Materials provided Block Start

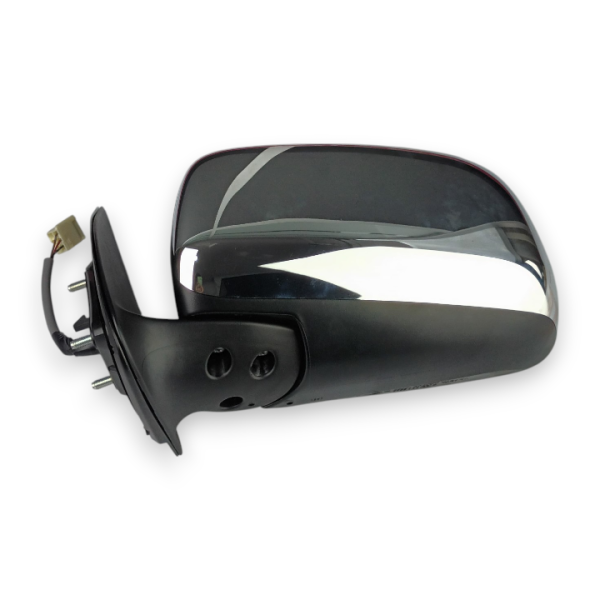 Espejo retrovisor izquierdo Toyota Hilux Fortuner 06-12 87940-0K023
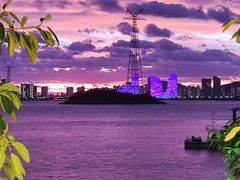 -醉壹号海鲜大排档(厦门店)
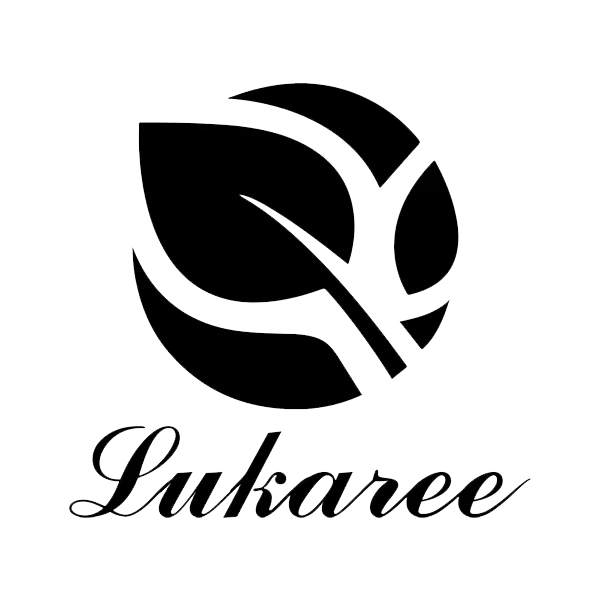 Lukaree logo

Materials provided Block End
Materials provided Block Start

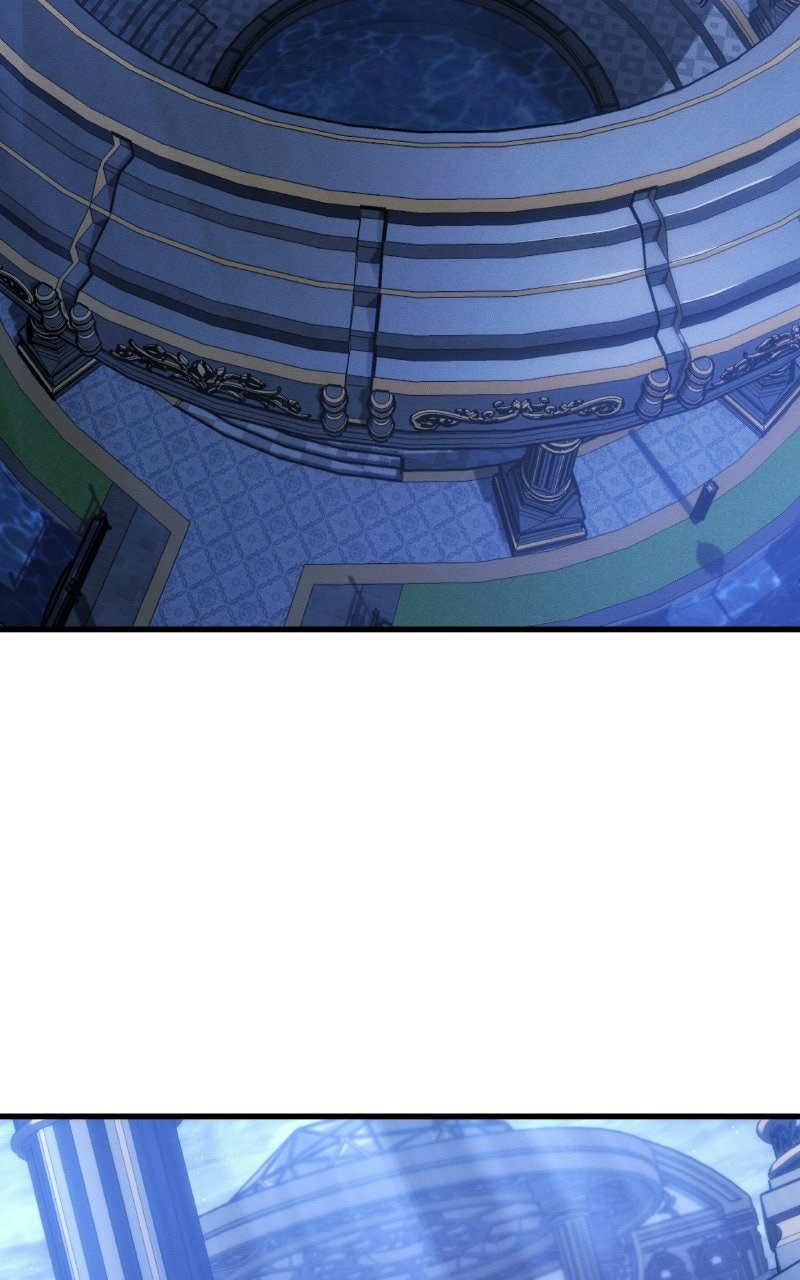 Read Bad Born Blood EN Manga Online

Materials provided Block End

What is needed
Within the data above, repeat exactly the lines from the one bearing "Espejo retrovisor izquierdo" through the one bearing "Lukaree logo". Include no pictures and nothing else.

Your response
 Espejo retrovisor izquierdo Toyota Hilux Fortuner 06-12 87940-0K023
 -醉壹号海鲜大排档(厦门店)
 Lukaree logo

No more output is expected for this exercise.